• [Activity]:
As you write out the lines from the one containing "Zakolka 20 ta optomga sotiladi, donaga yo'q" through the last line of the records, keep them exact and leave out pictures.
··· Data for review
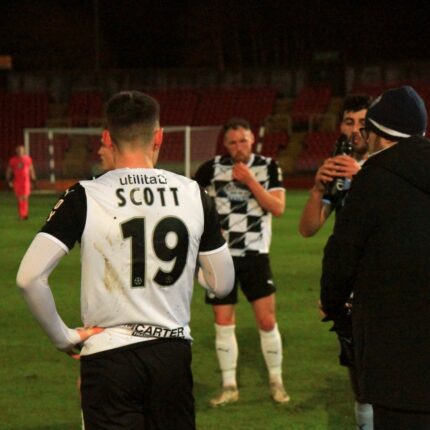 Gateshead 2-0 York City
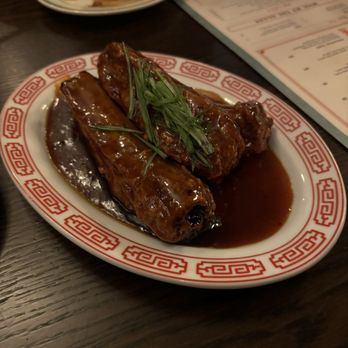 Nomad Tea Parlour - Sticky ribs - Chinese Near Me - New York, New York Nomad Tea Parlour - Sticky ribs - Chinese Near Me - New York, New York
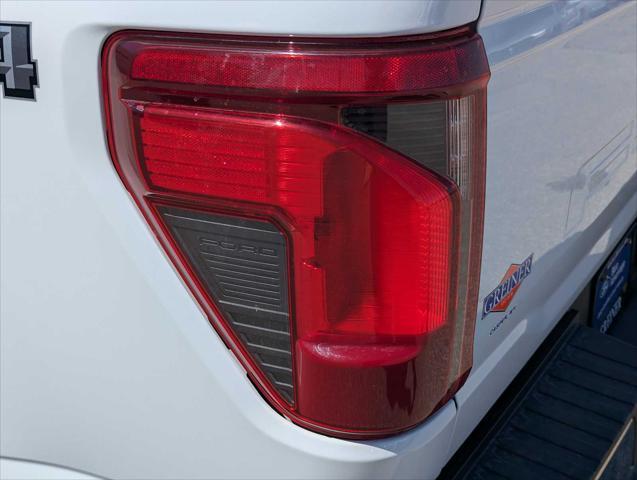 used 2024 Ford F-150 car, priced at $48,895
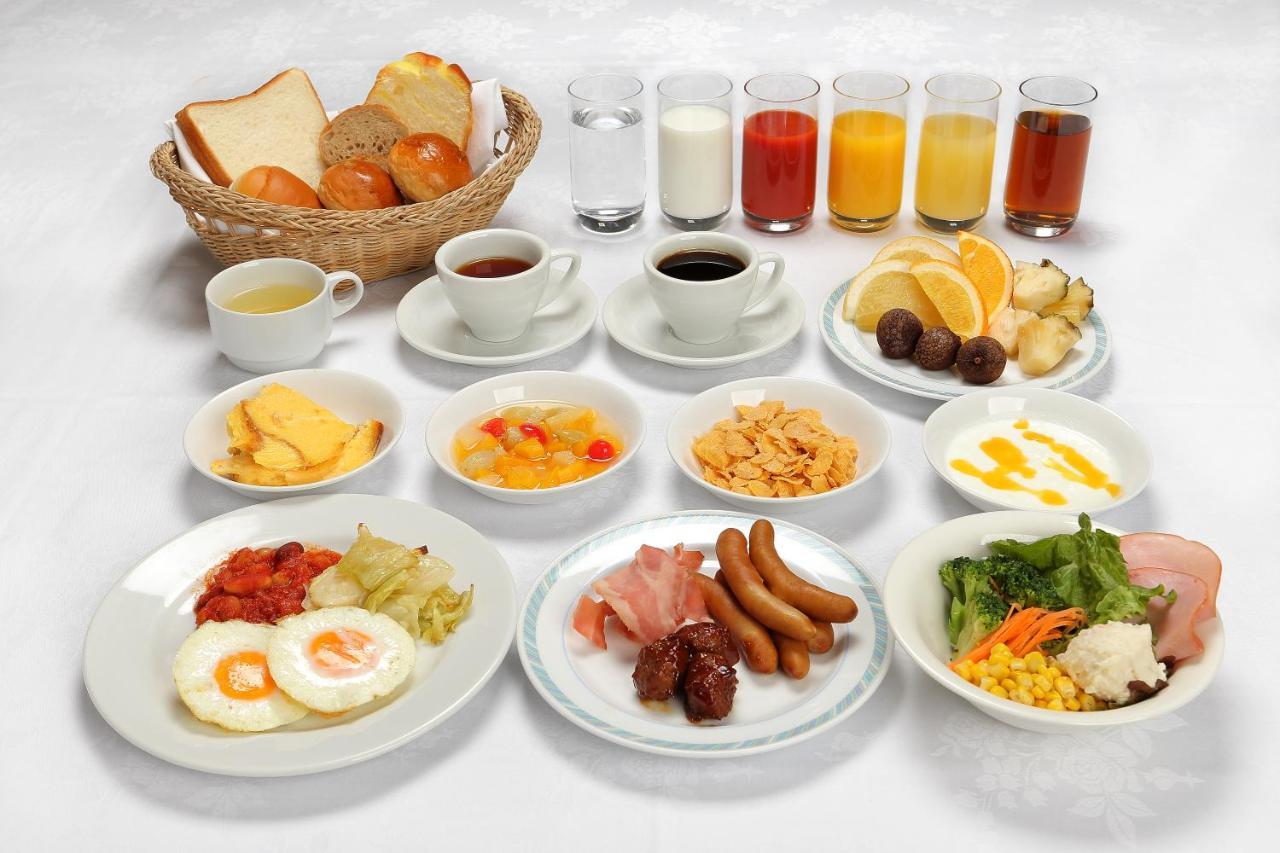 Hotel Sunroute Киото Екстериор снимка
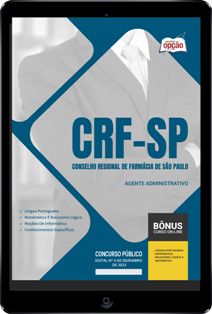 apostila-crf-sp-2024-pdf-agente-administrativo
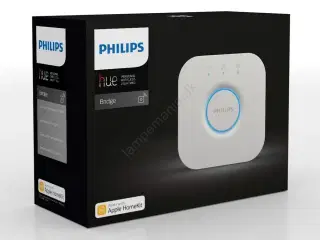 Ny ubrugt Philips Hue Bridge i æske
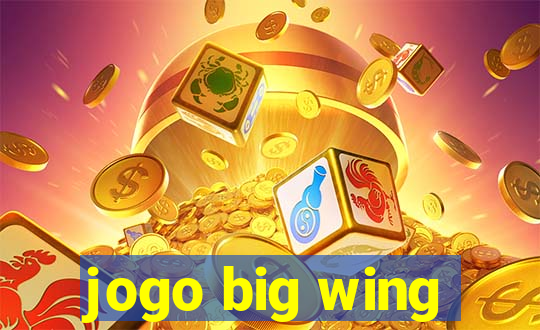 jogo big wing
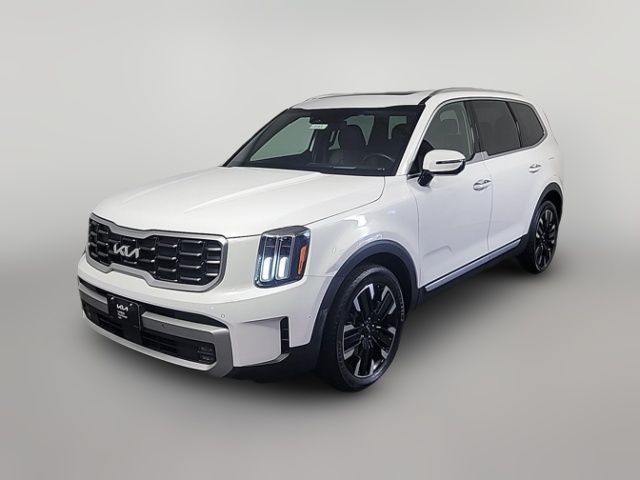 2023 Kia Telluride SX Prestige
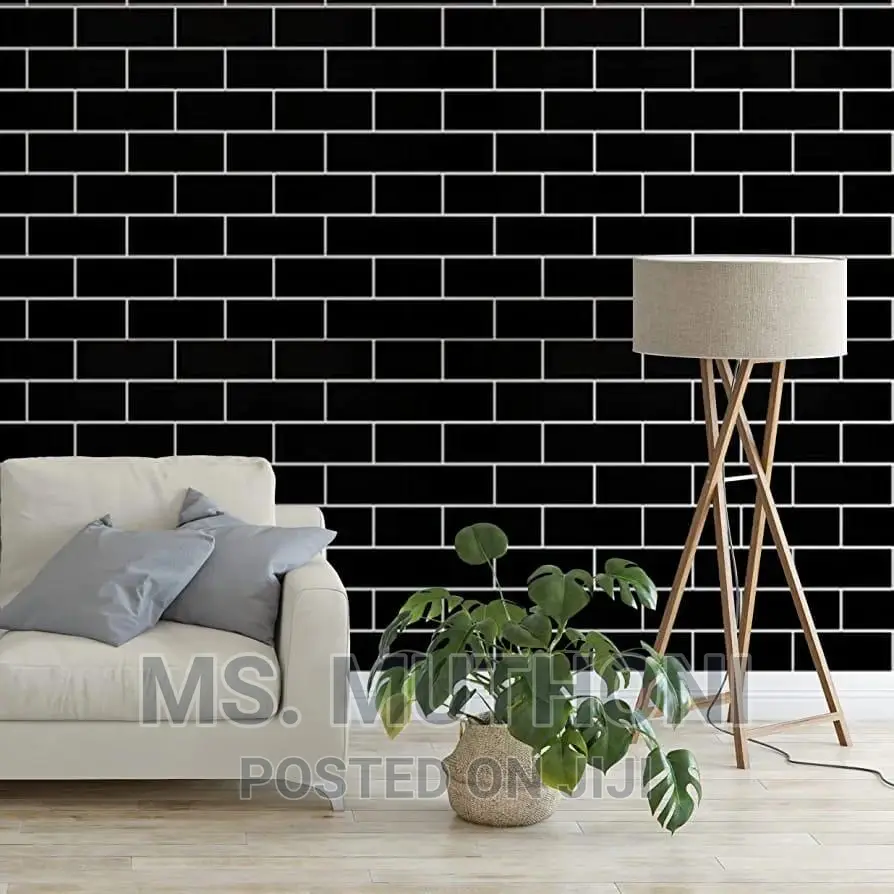 *Self Adhesive Wall Paper Size 45 CMS by 10mtrs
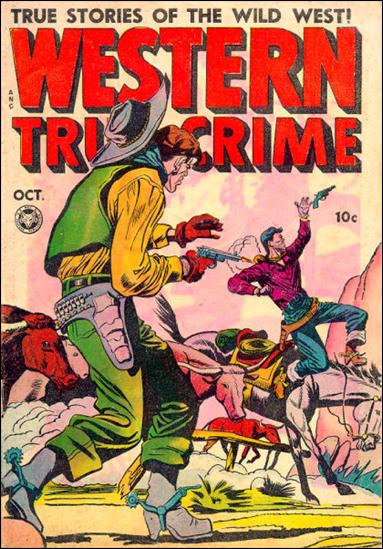 Western True Crime issue 2
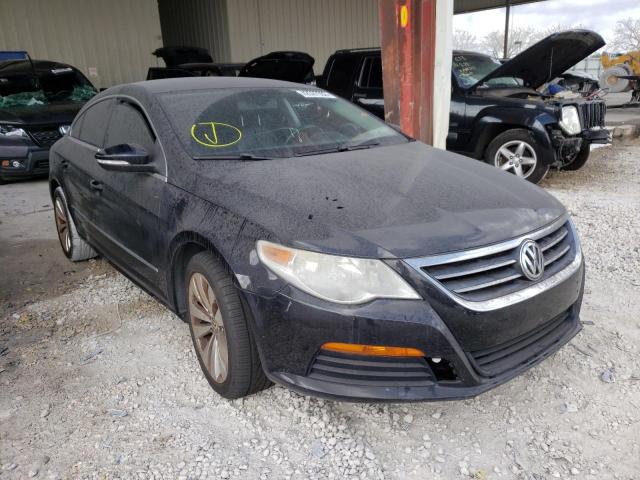 VOLKSWAGEN CC SPORT 2011 wvwmn7an0be733693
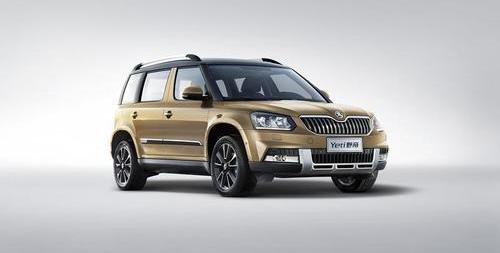 斯柯达,大众,骆驼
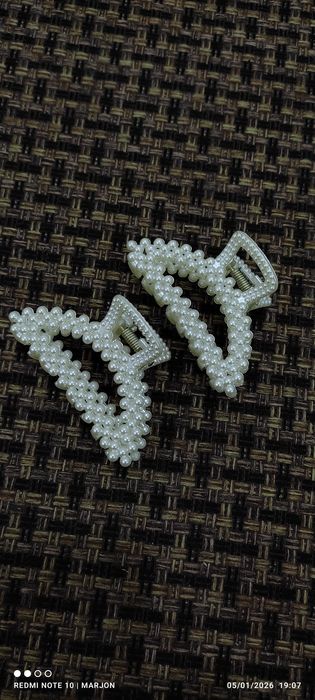 Zakolka 20 ta optomga sotiladi, donaga yo'q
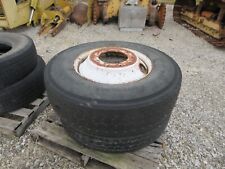 11.r22.5 wheels tires for sale  Unionville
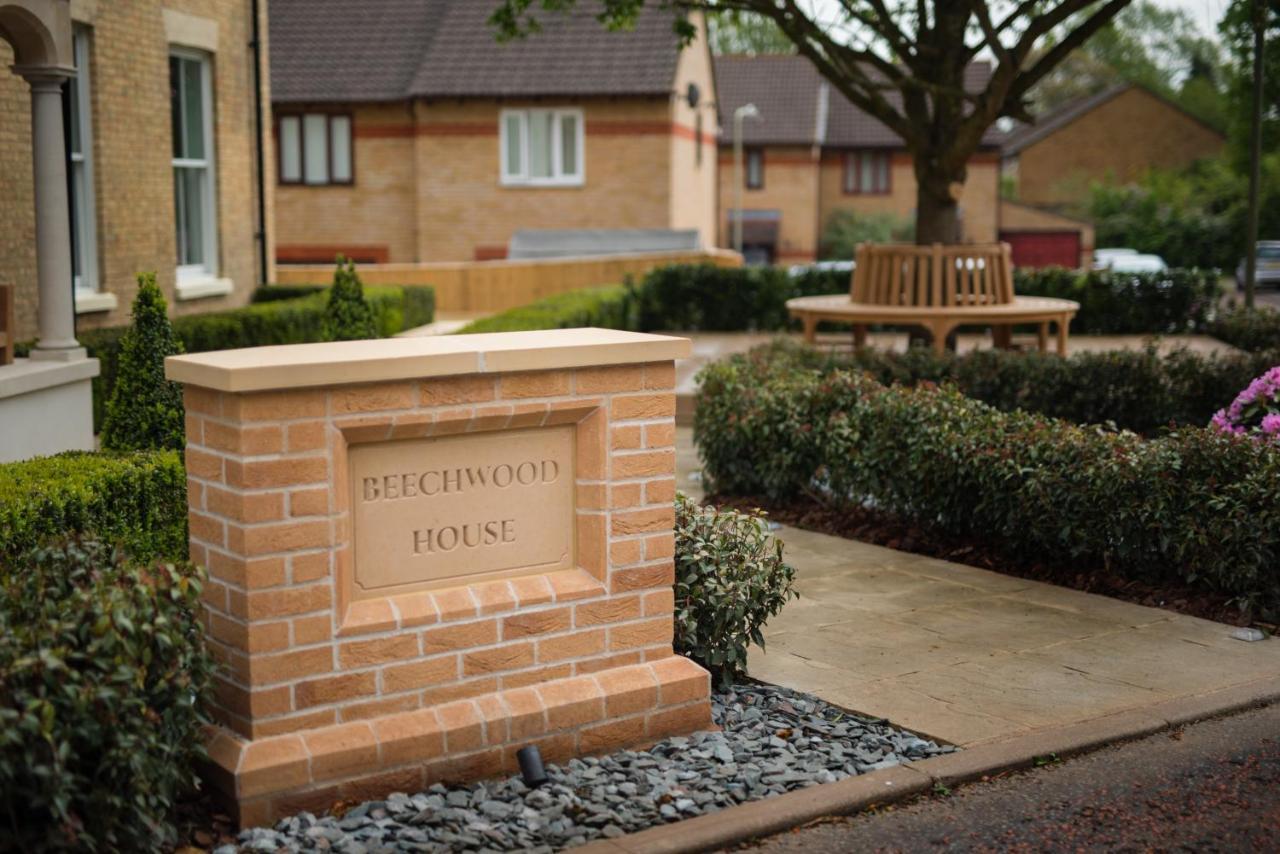 Best Luxury Apart Hotel In Oxford- Beechwood House Exterior photo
······
• [Answer to the problem]:
 Zakolka 20 ta optomga sotiladi, donaga yo'q
 11.r22.5 wheels tires for sale  Unionville
 Best Luxury Apart Hotel In Oxford- Beechwood House Exterior photo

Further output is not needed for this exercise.